O São Paulo Futebol Clube apresentou um superávit de R$ 148,7 milhões em seu balanço financeiro de 2025, com receitas totalizando R$ 835,9 milhões e despesas de R$ 687,2 milhões. Esses números foram divulgados na última quinta-feira.
Os gastos com o futebol profissional ultrapassaram as previsões do orçamento, que havia estimado despesas de R$ 530,5 milhões. De acordo com o relatório, 45% dessa diferença se deve à folha de pagamento, direitos de imagem e ajustes relacionados a renovações contratuais de jogadores. O levantamento abrange tanto os salários da equipe principal quanto das categorias de base.
O clube destinou R$ 225,7 milhões para salários, enquanto os direitos de imagem totalizaram R$ 102,5 milhões.

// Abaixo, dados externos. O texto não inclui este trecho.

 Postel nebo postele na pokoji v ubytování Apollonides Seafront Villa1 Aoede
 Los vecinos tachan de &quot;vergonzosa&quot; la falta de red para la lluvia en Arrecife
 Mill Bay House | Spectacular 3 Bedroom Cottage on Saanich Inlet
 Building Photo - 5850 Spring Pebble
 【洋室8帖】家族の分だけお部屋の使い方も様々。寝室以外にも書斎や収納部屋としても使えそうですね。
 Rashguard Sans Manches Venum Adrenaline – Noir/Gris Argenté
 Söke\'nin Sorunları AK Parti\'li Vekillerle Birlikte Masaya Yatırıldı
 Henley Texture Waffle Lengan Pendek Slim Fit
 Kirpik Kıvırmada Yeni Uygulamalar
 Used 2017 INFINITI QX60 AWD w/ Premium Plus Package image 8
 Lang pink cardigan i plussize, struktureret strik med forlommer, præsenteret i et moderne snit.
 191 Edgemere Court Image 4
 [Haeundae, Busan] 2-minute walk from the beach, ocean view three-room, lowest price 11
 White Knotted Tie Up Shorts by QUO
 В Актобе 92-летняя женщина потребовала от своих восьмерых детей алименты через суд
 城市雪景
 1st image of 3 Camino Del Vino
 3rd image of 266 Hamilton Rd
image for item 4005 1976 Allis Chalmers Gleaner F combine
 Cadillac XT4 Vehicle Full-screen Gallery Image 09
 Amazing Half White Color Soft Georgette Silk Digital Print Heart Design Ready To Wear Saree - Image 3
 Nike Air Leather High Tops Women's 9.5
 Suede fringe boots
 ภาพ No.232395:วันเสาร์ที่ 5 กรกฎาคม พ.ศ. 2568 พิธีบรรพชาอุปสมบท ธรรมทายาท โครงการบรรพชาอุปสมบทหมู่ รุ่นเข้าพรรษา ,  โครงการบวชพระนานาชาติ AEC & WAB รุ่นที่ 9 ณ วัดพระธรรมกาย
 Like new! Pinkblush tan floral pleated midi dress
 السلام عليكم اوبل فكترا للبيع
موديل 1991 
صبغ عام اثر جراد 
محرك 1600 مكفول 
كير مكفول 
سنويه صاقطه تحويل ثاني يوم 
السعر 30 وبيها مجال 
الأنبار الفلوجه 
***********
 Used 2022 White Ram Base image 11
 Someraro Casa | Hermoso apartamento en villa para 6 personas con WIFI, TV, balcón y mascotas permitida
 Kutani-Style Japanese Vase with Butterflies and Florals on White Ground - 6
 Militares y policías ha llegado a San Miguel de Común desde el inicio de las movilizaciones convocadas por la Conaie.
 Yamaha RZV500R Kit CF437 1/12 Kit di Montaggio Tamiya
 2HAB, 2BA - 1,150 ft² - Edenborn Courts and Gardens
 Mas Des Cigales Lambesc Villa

Com encargos trabalhistas de R$ 28,9 milhões e benefícios de R$ 9,3 milhões, a folha salarial totalizou cerca de R$ 366 milhões.
Outro ponto a ser destacado é o aumento nas despesas com intermediação de negociações, que subiram para R$ 31 milhões em 2025, em comparação aos R$ 4 milhões do ano anterior. A venda de Lucas Ferreira ao Shakhtar Donetsk, da Ucrânia, foi a transação que gerou o maior valor, totalizando R$ 11,8 milhões.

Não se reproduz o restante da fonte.